Dann warf Bubba mich in den Fond seines schwarzen, kaputten Toyota-Pickups und sagte: ›Wir müssen hier weg, mein kleiner Freund, oder sie bringen dich um!‹«

 

Die meisten geschilderten Zwischenfälle sind nicht ganz so lebensbedrohlich (obwohl erstaunlich viele Auseinandersetzungen mit dem Publikum in Handgreiflichkeiten zu ­enden drohen), aber ebenso komisch: Etwa wenn die eigenen Eltern (oder, schlimmer, Schwiegereltern) im Publikum sind und z.B. die Mutter ihrer Tochter auf der Bühne offen widerspricht (»Das ist ja gar nicht wahr! Sie hatte nie etwas mit einem verheirateten ­Professor!«), Veranstalter gar nicht oder mit Drogen oder Sex bezahlen wollen und das Publikum nicht wegen subtiler humoristischer Unterhaltung gekommen ist, sondern wegen der im Anschluß auftretenden Ramones (die glauben, die Nummer des Auftretenden hieße »der lebende Bierschwamm«).

 

Viele Geschichten stammen aus den ­frühen Tagen der mittlerweile zu Ruhm ­Gekommenen, als sie noch für wenig Geld weite Reisen unter­nahmen, um dann auf der Bühne gnadenlos zu versagen: So etwa Don Adams, der spätere »Get Smart«-Haupt­darsteller, der in den Fünfzigern auf jeden Dollar angewiesen war und deshalb auch für eine Handvoll Dollar weit fuhr, nur um Mae West anzusagen.

 

Die wiederum bat Adams vor dem Gig zu sich und ließ ihn sein Material vortragen. Anschließend erklärte Wests Agent, Mae West liebe seine Gags, er sei phantastisch, der beste Comedian, den sie je gesehen habe. Aber sie habe einen kleinen Wunsch: Er möge doch bei seinen Witzen stets auf die letzten Zeilen verzichten.

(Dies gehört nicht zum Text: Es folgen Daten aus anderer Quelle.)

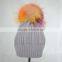 Myfur Light Grey Women Knit Hat with Real Fur Pom Pom Top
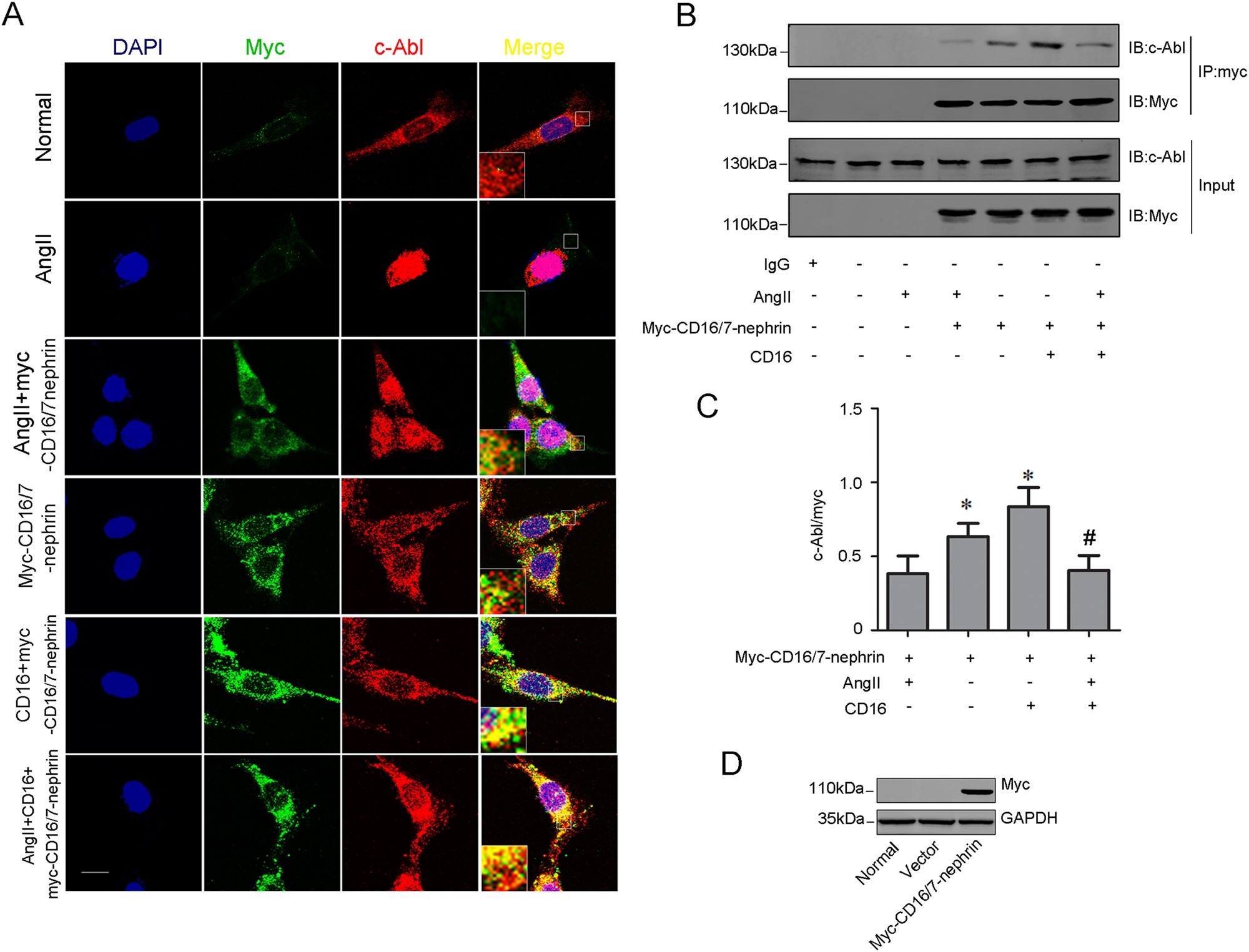 Fig. 2: Phosphorylated nephrin recruites c-Abl in cultured podocytes.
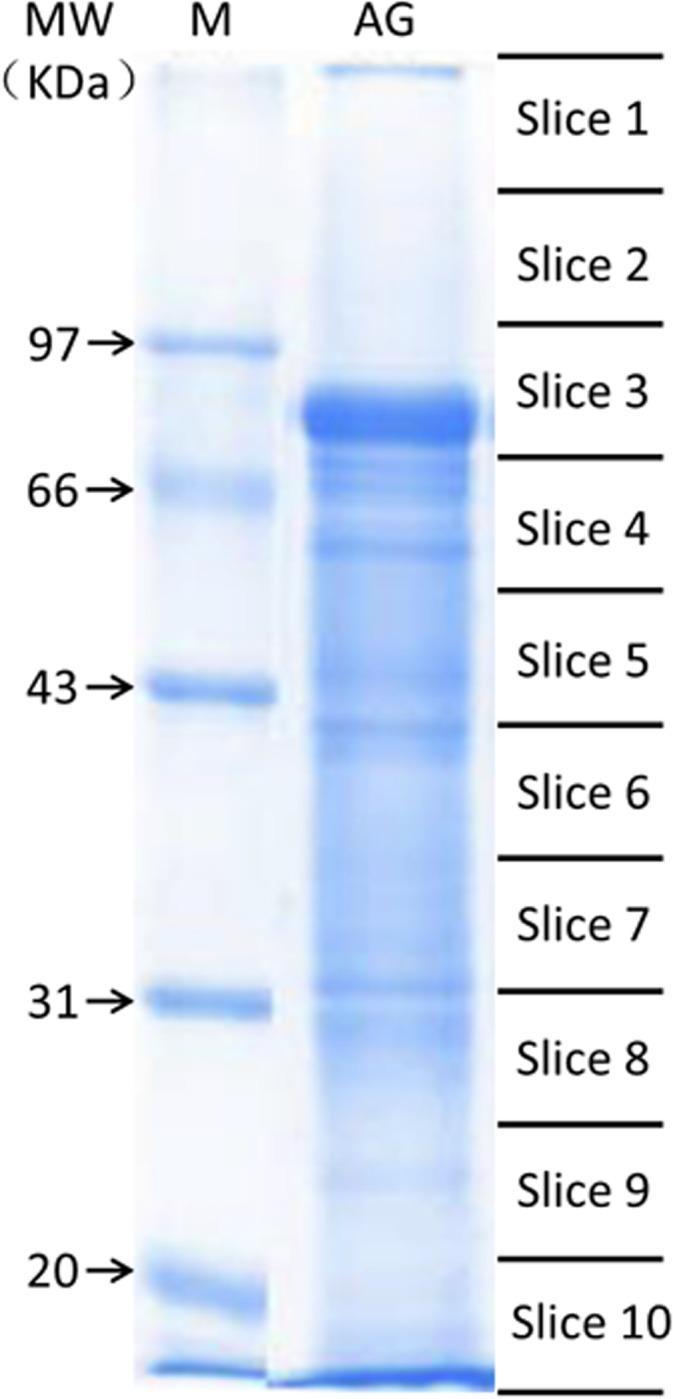 https://cdn.ncbi.nlm.nih.gov/pmc/blobs/42c0/4549300/5deb3e7be860/pone.0136266.g002.jpg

Adams, leicht geschockt, erklärte, das seien ja die Punchlines, auf die könne er nicht verzichten, sonst wären seine Witze keine Witze. Nein, beharrte der Agent, West meine, er müsse lernen, daß weniger mehr sei und seine Geschichten so lustig, daß er gut auf ihr Ende verzichten könne.

 

Adams hatte keine Wahl, trug Witze ohne Pointen vor und erntete tödliche Stille – nicht einmal Zwischen- oder Buhrufe, einfach nur absolutes Schweigen. Als er von der Bühne kam, teilte ihm Mae Wests Agent mit, West denke immer noch, er sei brillant und höchst komisch, aber bei ihr in der Umkleide sei er besser gewesen.

 

So zivilisiert und historisch geht es aber nur selten zu in »I Killed«. Die meisten Geschichten belegen eher, daß Komiker Psychopathen sind, die für ein paar billige Lacher alles tun. Und daß ihre Erzählungen vom ­eigenen Scheitern mindestens genauso ­komisch sein können wie ihr Auftritt. Ach ja, und die Geschichte, wie Larry David, der nie so recht mit seinem Publikum konnte und deshalb seine Auftritte immer mehr ­abkürzte, eines Abends auf die Bühne ging, das Mikro nahm, seine Zuhörerschaft kurz abschätzte, dann sagte: »Forget it« und wortlos ging – die ist natürlich auch drin.

  

Aktuelle Startcartoons

Heftrubriken

Briefe an die Leser

 Hä, »Spiegel«?

»Aber gesund machen wird diese Legalisierung niemanden!« schreibst Du in einem Kommentar zum neuen Cannabisgesetz. »Ach, echt nicht?« fragen wir uns da verblüfft. Wir waren bisher fest vom Gegenteil überzeugt. Immerhin haben Kiffer/innen oft sehr gute feinmotorische Fähigkeiten, einen gesunden Appetit und ärgern sich selten. Hinzu kommen die unzähligen Reggaesongs, in denen das Kiffgras als »Healing of the Nation« bezeichnet wird. All dies willst Du nun tatsächlich infrage stellen? Da lieber noch mal ganz in Ruhe drüber nachdenken!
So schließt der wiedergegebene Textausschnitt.